Fuente: Joseph Bensons Commentary on the Old and New Testaments
No more curse; the curse shall be no more; that is, the terrible curses originally denounced against human sin in the days of Adam’s transgression (Genesis 3:14-19) shall now be removed forever. Thus the volume of the word of God, having opened with a history of that terrible malediction pronounced upon the human race, which has made this world such a scene of sorrow, now sublimely closes with a prophetic announcement of its perpetual removal. This link, connecting the beginning with the end, binds together the whole word of God, and gives a lofty unity to the long succession of vastly varied materials which the sacred volume comprises.–And his servants shall serve him; shall be employed, actively, in the pursuit and accomplishment of his plans.

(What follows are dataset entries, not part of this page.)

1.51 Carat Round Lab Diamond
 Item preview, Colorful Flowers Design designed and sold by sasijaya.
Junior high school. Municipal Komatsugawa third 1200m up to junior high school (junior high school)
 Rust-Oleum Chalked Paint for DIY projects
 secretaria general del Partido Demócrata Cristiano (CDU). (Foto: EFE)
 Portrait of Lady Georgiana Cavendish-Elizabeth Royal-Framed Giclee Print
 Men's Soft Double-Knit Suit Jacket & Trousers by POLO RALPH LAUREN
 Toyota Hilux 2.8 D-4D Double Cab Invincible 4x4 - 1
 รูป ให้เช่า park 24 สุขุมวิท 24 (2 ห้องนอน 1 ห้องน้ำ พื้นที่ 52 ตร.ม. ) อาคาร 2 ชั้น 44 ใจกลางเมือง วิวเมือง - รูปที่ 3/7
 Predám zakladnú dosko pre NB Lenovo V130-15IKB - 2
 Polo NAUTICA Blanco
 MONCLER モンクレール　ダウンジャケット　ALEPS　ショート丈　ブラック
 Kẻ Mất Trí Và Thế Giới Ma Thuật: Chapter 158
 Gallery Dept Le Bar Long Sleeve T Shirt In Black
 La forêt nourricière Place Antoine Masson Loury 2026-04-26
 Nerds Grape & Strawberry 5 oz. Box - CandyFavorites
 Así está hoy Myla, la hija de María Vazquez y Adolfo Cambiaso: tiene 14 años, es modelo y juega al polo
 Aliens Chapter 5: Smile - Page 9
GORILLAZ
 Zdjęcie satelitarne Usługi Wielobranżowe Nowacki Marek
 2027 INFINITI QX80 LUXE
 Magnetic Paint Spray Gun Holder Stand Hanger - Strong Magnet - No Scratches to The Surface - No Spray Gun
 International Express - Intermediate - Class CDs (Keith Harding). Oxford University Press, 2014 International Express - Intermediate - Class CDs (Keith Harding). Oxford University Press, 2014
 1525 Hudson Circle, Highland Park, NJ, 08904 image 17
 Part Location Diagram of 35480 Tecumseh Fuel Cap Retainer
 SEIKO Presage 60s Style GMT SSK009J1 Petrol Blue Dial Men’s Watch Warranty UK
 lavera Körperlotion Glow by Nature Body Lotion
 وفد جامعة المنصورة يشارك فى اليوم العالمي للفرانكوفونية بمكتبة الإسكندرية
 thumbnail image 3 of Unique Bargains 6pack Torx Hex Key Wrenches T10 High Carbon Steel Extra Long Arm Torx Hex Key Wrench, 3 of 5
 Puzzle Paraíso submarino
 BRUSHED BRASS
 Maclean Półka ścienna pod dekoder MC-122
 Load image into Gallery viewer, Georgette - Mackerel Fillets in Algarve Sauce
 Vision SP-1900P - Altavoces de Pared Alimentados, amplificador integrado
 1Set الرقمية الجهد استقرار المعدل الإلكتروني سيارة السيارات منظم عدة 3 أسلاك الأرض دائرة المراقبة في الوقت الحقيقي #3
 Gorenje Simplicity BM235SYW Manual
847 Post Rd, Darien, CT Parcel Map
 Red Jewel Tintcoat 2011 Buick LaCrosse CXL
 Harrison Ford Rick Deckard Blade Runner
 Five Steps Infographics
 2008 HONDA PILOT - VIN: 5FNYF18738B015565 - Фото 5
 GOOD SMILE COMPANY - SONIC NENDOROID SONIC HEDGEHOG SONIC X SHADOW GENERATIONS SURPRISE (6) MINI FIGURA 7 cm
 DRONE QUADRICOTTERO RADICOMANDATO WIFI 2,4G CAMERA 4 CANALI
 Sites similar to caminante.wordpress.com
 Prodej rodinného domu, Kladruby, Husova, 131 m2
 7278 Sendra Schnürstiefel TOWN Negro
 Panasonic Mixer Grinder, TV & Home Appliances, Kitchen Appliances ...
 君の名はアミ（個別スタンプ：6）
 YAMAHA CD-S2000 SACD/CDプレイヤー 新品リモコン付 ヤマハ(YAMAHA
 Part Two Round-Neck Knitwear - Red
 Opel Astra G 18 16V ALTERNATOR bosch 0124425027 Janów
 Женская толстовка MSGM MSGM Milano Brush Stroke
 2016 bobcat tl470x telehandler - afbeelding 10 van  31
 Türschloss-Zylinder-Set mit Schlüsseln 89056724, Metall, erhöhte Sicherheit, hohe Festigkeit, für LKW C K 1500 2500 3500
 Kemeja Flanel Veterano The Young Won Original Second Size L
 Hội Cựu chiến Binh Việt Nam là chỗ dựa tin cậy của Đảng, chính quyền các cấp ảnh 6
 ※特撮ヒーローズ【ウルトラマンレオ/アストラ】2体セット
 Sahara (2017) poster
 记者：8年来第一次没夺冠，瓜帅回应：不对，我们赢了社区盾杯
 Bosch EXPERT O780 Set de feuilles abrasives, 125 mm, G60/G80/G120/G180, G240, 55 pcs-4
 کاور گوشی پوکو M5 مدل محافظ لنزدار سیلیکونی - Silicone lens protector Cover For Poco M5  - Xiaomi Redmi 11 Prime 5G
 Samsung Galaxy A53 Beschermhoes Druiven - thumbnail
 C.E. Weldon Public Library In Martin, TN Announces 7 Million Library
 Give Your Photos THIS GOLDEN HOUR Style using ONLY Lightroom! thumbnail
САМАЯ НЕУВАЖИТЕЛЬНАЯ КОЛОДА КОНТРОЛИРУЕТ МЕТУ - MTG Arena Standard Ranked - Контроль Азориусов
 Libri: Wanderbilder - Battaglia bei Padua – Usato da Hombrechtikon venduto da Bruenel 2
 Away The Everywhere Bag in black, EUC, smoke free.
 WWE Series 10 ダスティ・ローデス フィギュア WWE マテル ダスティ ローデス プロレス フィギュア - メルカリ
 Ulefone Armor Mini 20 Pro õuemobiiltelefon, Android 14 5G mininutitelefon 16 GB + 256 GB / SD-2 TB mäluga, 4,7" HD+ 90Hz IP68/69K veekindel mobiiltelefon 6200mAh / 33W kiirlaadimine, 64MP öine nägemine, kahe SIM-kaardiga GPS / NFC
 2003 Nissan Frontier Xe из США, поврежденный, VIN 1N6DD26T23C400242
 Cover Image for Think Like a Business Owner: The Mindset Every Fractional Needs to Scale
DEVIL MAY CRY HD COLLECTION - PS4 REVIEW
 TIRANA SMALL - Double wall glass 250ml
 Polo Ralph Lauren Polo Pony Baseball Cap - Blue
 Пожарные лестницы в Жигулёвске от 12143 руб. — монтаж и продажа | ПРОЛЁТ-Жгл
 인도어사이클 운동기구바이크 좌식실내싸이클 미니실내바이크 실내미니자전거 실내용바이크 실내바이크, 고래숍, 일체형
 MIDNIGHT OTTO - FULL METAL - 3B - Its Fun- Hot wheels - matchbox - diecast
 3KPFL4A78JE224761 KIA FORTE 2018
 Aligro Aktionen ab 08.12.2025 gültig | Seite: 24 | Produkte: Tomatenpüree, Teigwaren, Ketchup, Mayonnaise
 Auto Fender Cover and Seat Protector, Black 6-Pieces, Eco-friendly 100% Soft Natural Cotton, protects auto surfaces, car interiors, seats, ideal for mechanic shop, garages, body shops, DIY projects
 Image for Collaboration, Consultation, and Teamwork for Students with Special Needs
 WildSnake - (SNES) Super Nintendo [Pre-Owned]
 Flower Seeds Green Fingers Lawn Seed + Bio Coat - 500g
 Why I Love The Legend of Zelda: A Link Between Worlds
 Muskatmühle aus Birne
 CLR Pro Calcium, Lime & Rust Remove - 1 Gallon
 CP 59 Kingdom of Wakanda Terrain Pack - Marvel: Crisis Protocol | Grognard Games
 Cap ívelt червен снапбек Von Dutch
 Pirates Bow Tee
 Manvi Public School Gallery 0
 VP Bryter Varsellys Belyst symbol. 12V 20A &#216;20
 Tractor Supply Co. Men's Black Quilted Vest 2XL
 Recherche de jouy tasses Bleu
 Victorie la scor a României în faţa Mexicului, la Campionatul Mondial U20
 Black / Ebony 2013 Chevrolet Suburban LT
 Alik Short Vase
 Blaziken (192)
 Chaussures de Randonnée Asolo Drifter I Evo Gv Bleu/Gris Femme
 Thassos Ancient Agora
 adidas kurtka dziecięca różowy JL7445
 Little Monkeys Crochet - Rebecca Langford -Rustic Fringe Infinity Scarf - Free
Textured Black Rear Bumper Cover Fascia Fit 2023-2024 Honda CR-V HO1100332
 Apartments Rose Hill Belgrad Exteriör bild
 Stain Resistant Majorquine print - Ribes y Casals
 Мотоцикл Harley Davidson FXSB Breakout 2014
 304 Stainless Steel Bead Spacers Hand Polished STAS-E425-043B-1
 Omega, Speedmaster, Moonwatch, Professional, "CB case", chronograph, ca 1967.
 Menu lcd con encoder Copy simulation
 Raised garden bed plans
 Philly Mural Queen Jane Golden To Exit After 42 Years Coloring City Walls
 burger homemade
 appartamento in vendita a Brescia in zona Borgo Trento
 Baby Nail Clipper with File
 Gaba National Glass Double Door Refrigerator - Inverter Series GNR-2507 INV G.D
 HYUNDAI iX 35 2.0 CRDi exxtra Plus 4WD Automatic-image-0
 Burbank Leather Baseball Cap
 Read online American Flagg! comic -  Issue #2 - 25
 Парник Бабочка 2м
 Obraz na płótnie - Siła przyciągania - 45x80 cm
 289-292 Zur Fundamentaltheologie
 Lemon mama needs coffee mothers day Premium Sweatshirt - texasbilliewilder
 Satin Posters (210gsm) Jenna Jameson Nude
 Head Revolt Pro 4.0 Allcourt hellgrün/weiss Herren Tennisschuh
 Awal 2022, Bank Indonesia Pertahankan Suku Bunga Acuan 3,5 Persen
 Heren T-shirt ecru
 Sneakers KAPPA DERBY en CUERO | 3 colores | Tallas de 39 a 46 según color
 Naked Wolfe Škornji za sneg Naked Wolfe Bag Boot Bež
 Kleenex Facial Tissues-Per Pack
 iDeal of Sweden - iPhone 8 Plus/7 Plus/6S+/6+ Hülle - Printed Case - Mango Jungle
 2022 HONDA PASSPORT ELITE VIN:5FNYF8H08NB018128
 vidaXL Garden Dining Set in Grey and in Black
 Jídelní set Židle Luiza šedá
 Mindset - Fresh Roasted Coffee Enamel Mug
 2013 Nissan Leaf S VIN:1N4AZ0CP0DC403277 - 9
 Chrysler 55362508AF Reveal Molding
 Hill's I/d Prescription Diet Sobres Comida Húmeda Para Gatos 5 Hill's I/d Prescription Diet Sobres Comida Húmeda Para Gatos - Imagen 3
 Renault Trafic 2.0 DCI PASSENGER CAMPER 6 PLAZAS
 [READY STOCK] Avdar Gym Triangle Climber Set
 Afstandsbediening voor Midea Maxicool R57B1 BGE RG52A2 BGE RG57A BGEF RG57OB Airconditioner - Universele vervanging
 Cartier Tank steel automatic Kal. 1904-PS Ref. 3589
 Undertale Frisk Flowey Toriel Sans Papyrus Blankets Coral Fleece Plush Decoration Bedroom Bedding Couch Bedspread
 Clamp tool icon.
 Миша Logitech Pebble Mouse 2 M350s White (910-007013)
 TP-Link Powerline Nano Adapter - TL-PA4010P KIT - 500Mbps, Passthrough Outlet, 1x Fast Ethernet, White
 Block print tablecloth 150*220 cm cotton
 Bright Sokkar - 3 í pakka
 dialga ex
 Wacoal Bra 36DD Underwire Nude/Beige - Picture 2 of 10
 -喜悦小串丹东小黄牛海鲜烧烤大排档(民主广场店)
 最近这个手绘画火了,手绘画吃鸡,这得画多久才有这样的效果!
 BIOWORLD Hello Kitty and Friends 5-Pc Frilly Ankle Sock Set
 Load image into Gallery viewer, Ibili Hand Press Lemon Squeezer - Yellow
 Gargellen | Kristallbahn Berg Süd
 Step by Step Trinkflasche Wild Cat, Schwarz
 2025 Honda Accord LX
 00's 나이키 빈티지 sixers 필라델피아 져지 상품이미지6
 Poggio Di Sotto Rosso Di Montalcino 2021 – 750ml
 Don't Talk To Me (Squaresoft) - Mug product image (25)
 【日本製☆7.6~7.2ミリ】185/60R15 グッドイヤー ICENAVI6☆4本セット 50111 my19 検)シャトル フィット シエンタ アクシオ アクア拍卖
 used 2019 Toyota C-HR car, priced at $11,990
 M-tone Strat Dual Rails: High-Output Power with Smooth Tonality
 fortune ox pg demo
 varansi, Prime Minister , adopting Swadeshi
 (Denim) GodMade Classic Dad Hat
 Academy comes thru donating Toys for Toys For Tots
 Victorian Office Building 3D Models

Fuente: Abbott’s Illustrated New Testament
There will no longer be a curse because the tree of life will heal (redeem?) the nations. The curse in view is probably the curse that God pronounced on the old creation at the Fall (cf. Zec 14:11; Mal 4:6). God will have intimate fellowship with His people because this curse has now been lifted. Evidently believers (His bond-servants in the new creation; cf. Rev 1:1) will occupy themselves serving God and the Lamb in the new earth. The Greek word for "serve" (latreuo) suggests priestly service in view of its other uses in this book (cf. Rev 1:6; Rev 5:10; Rev 20:6). "His" and "Him" present God and the Lamb as essentially one being.